Esse adensamento das relações bilaterais Brasil/Venezuela, iniciado no governo Itamar Franco, foi consideravelmente ampliado e consolidado ao longo dos dois governos de Fernando Henrique Cardoso. Com efeito, naquele período foram feitos, de acordo com relatórios do próprio Itamaraty, os seguintes avanços no campo das relações bilaterais Brasil/Venezuela:
    1. construiu-se uma agenda ampla e diversificada, na qual se destacavam as iniciativas em matéria de integração física e energética, desenvolvimento fronteiriço, cooperação em meio ambiente e reativação do Conselho empresarial, entre outros campos;
    2. estabeleceu-se nova moldura institucional para o encaminhamento de tais iniciativas, na forma da Comissão Binacional de Alto Nível (presidida pelos Chanceleres) e de seus Grupos de Trabalho, bem como do Mecanismo Político de Consultas (em nível de Vice-Chanceleres);
    3. ampliou-se o intercâmbio comercial, com destaque para as compras de petróleo venezuelano, que passaram a situar a Venezuela como um dos principais fornecedores ao Brasil;
    4. iniciou-se e concluiu-se a construção das linhas de transmissão de energia elétrica entre a Venezuela e o Estado de Roraima;
    5. concluiu-se a pavimentação da BR-174, que liga Manaus ao Caribe, possibilitando a criação de um corredor de exportação de grande relevância para a Região Norte do País
    6. foram iniciadas as tratativas para a criação de uma área de livre comércio entre a Comunidade Andina e o MERCOSUL.No que tange especificamente à entrada da Venezuela no MERCOSUL, cumpre destacar que já em sua primeira viagem como mandatário supremo à Venezuela, em julho de 1995, o presidente Fernando Henrique Cardoso afirmou, em discurso proferido no parlamento venezuelano, que:
O MERCOSUL começa a identificar novos parceiros na América do Sul, onde estamos negociando formas de aproximação com a Venezuela, o Chile e a Bolívia, além do conjunto inteiro do Pacto Andino. Entre essas áreas, com sentido de prioridade (grifo nosso) dada pela vizinhança e pela intensidade da agenda, a aproximação com a Venezuela é natural.
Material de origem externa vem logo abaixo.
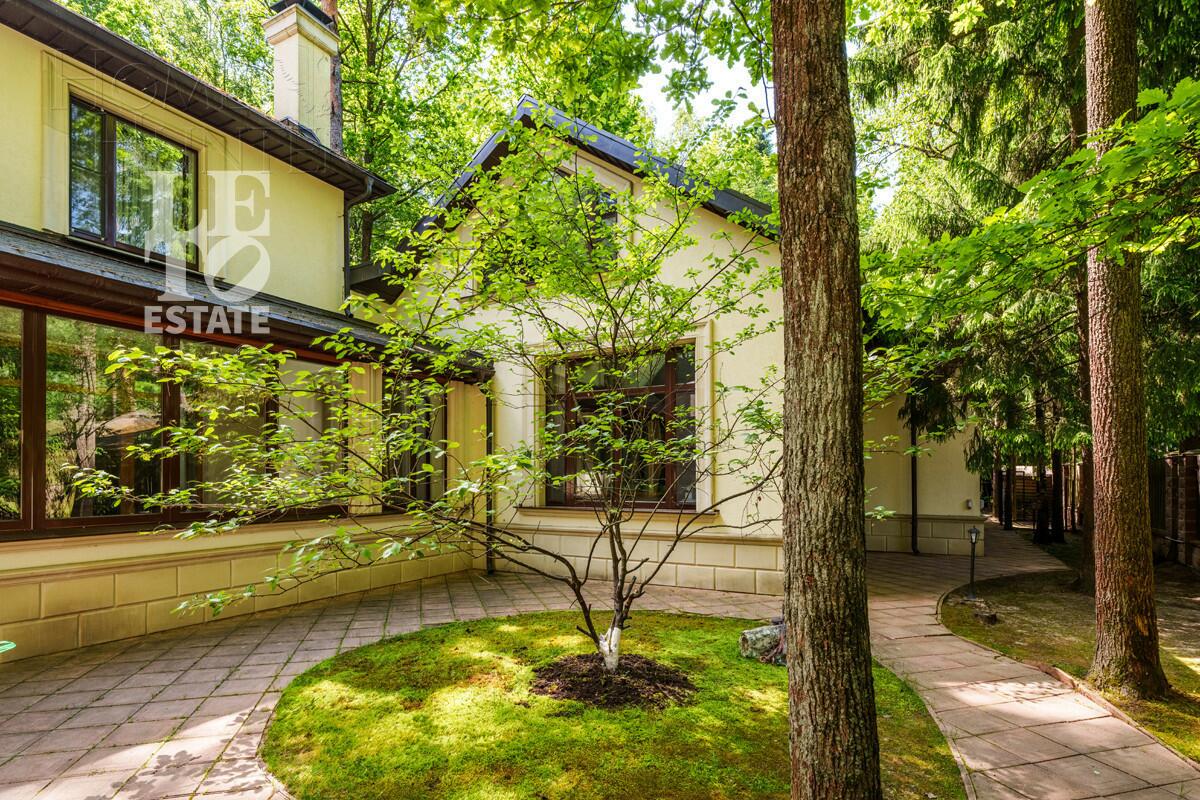 2-этажный коттедж 1 025 м² с отделкой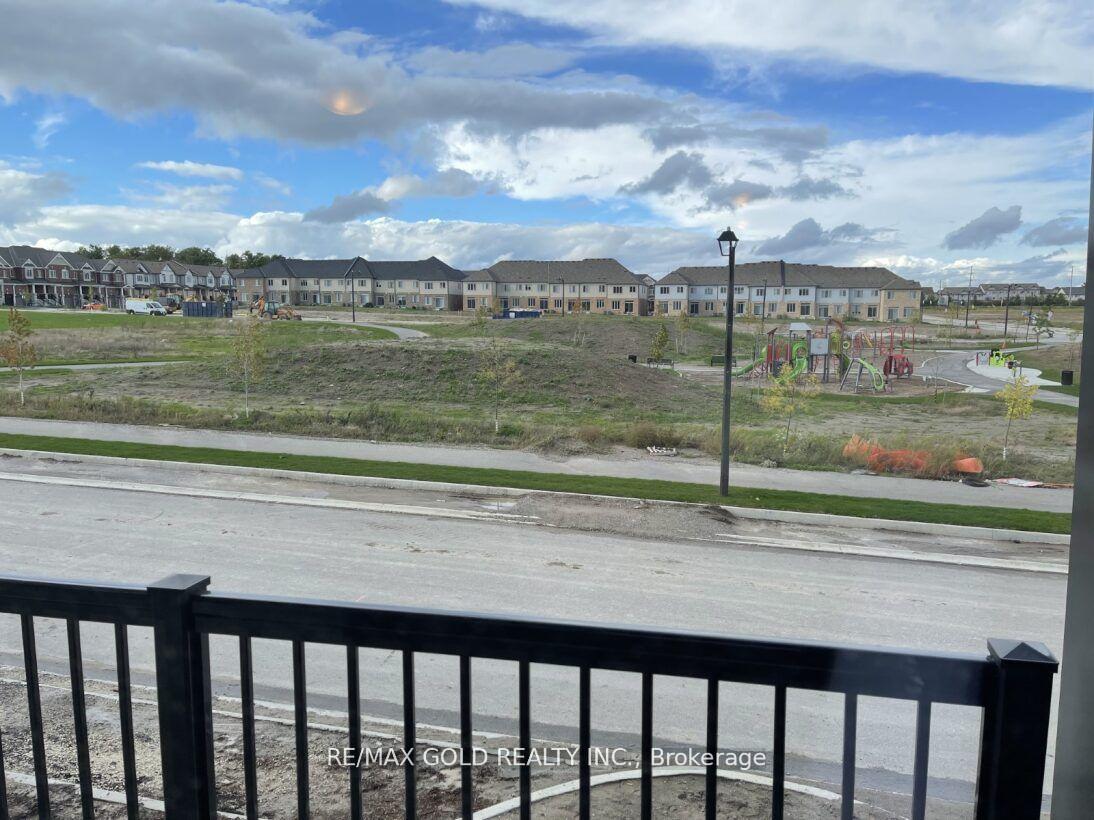 Photo 10 of 78 Wheat Lane, Kitchener — HOMEH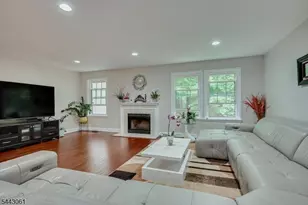 4506 Stonehedge Rd, Edison Twp., NJ 08820 - Photo 18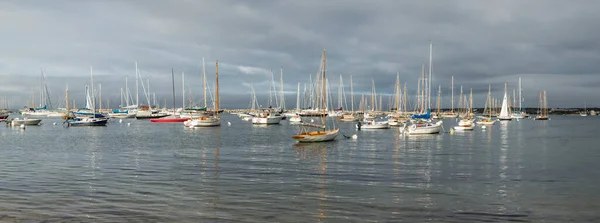 Vineyard Haven Usa September 2017 Sailing Ships Anchor Harbor Vineyard —  Fotos de Stock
Percebe-se, dessa forma, que a vontade política de integrar progressivamente a Venezuela ao MERCOSUL era manifestada pelo Brasil desde aquela época. De sua parte, a Venezuela também manifestou, no mesmo ano (1995), seu interesse de aproximar-se ao MERCOSUL e formar uma estratégia dirigida a construir um mercado comum sul-americano, “antes do prazo estabelecido para a construção da área de Livre Comércio das Américas (ALCA), ou seja, antes de 2005”.
Deve-se ter em mente que o adensamento das relações diplomáticas bilaterais e os passos para integrar a Venezuela ao MERCOSUL continuaram celeremente no último governo de Fernando Henrique Cardoso, após a eleição do atual presidente Hugo Chávez.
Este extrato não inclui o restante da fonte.